I don't know how to get working it automatically...

And the keyboard? I don't know for yet how to do.

I have any suggest for you, but perhaps you can help me?

I'm sorry for my english, I don't speek very well.

----------

## Strunzdesign

Ok, new information.

I have a working mouse wheel now. The "tilt"

function does not work, but using the wheel does

result in garbage in /dev/input/mice... yeah  :Wink: 

My multimedia keys are not working right now,

it seems that I've to do some research to

activate them.

Ok, for all you out there who want to reproduce  :Smile: 

* Kernel:

Vanilla-2.6.10 is enough to get the mouse and the

keyboard working, but it's bluetooth stack is not

able to handle the new microsoft equipment (problems

mit "hidp"... my equipment was detected as "boot-"+something)

There is a patch for 2.6.10 at "http://www.bluez.org/patches.html".

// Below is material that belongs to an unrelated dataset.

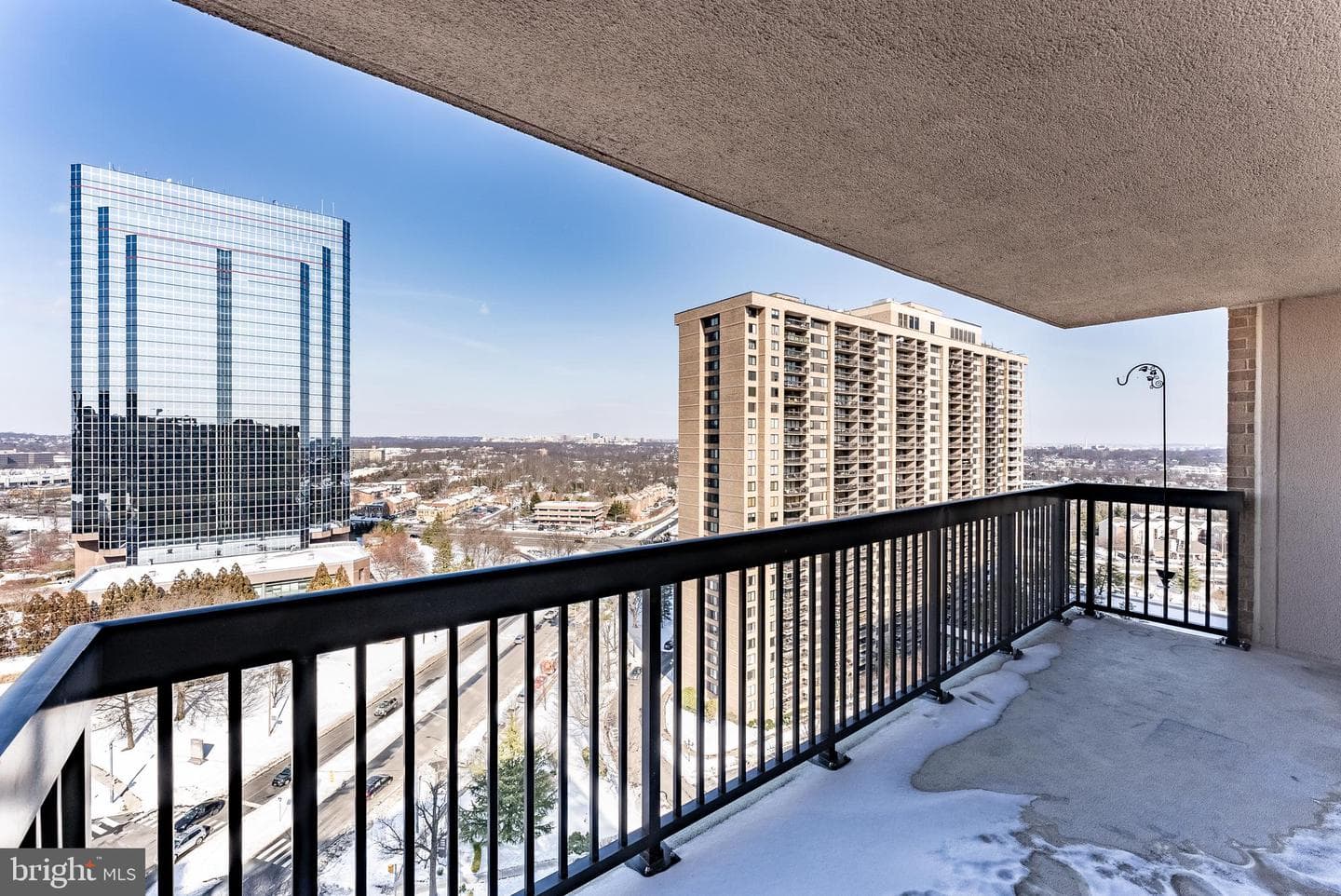 3709 S George Mason Drive #1605e photo 12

It is called -mh2 and was released this night. It has hdip

support and enables my mouse wheel  :Smile: 

I modified a ck-sources-Ebuild to apply this patch

to a stock 2.6.10. Very dirty, but works for me:

root@powerstation mh-sources # pwd

/usr/local/portage/sys-kernel/mh-sources

root@powerstation mh-sources # cat mh-sources-2.6.10-r2.ebuild

K_PREPATCHED="yes"

UNIPATCH_STRICTORDER="yes"

K_NOSETEXTRAVERSION="yes"

K_NOUSENAME="yes"

ETYPE="sources"

inherit kernel-2

detect_version

KEYWORDS="x86"

RESTRICT="nomirror"

MH_PATCH="patch-${KV_FULL}.gz"

UNIPATCH_LIST="${DISTDIR}/${MH_PATCH}"

IUSE=""

DESCRIPTION="MH-Sources"

HOMEPAGE="http://www.bluez.org/patches.html"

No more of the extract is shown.